Most organizations aim to be data-driven and rightly so. With data being created at an exponential level at various touchpoints, it only makes sense to incorporate it into decision-making. Credible data can work wonders and Amazon is a prime example. Data helps the retail giant practice hyper-personalization and price optimization, which gives it a competitive edge. Data has also helped Netflix achieve a 93% customer retention rate, which is commendable.
However, in a rush to become more data-centric, organizations collect more and more data, but in doing so, they ignore a critical aspect, which is organizing and managing data.
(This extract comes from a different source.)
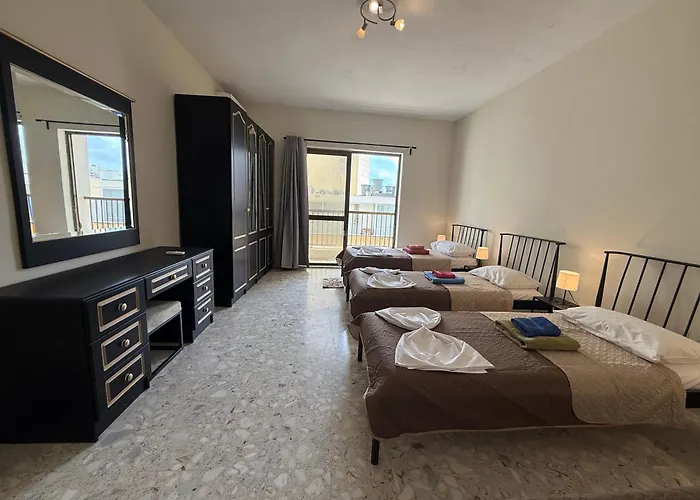 Panoramic Xl Penthouse Seafront Sliema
Often departments end up clamoring for numbers because while data exists, it is not readily available. So, in the end, decisions are made in a hurry with whatever numbers are available.
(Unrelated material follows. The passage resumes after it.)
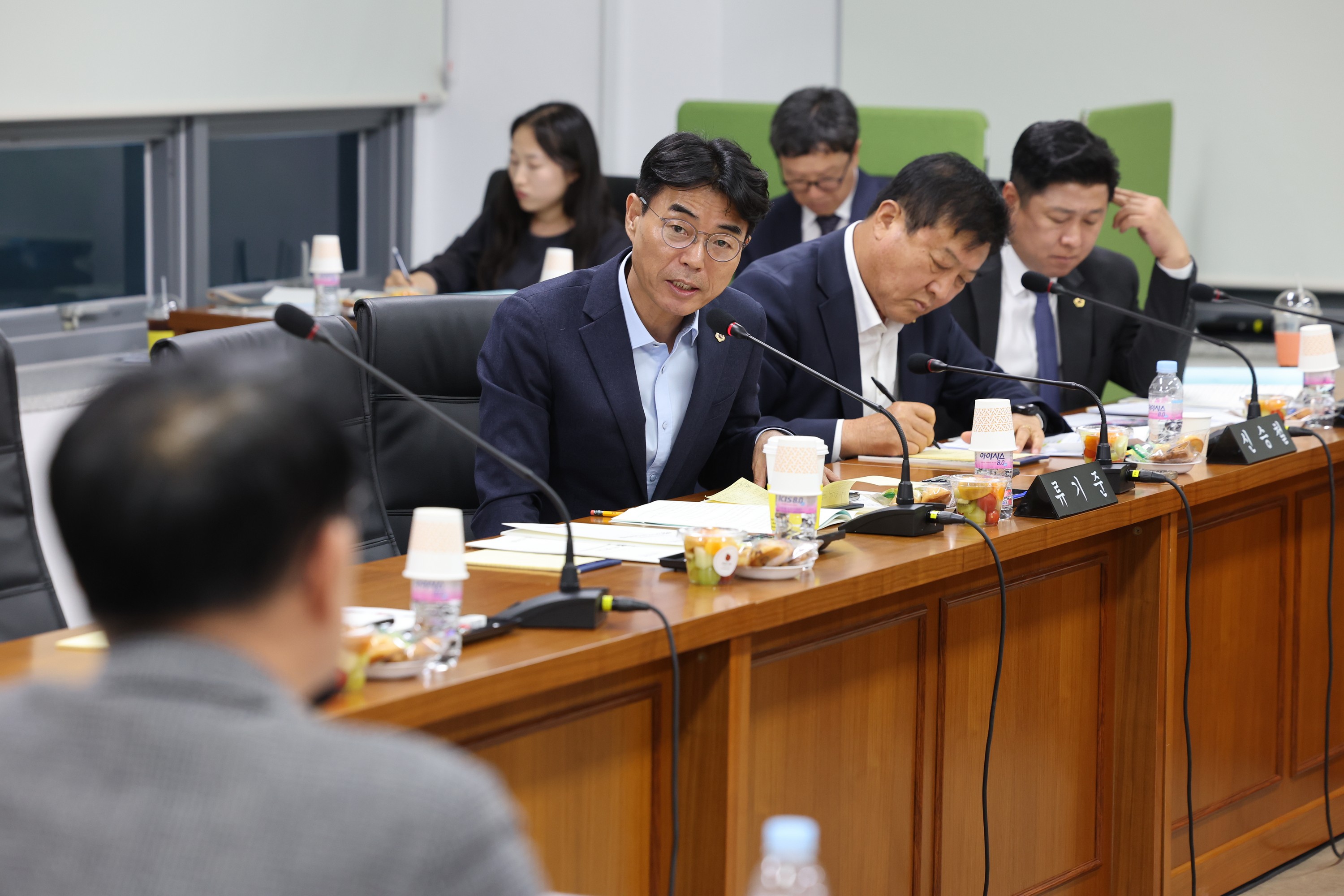 제386회 정례회 농수산위원회 행정사무감사(남도장터) 첨부이미지 : 24년11월11일 제386회 정례회 농수산위원회 행정사무감사 - 122.jpg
Such situations often happen because either data is trapped or stored in silos. Data silos not only kill productivity but also lead to bad decisions and ultimately hurt a company’s bottom line. To leverage data efficiently, an organization needs to break data silos and data consolidation is the answer.
What is Data Consolidation?
The term data consolidation is often used synonymously with data integration. It refers to the process of combining data from various sources into one place, which makes it easier for all users to access data without any time lag.
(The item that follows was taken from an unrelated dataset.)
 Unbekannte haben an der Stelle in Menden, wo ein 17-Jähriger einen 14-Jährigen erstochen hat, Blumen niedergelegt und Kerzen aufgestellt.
ETL, which stands for extract, load, and transform, is a pivotal process in data consolidation. There are various ETL tools in the market that make it easier for companies to extract data from legacy systems and unconventional sources, cleanse it, transform it, and load it into the desired destination.
However, organizations are often not convinced of investing in a data consolidation or data integration tool and tend to carry on with their traditional system of data analysis. But what these organizations fail to understand is that data without consolidation, data is just data without much use.
Here are some advantages of consolidating all business data from various sources into one place:
Creates A Single Source of Truth
Imagine a scenario where an organization has to come up with a new marketing campaign. While apparently a marketing campaign is the sole responsibility of a marketing department, there is a continuous exchange of information from other departments such as sales, procurement, and finance. All this back and forth is not only a productivity killer, but it also increases the chances of error.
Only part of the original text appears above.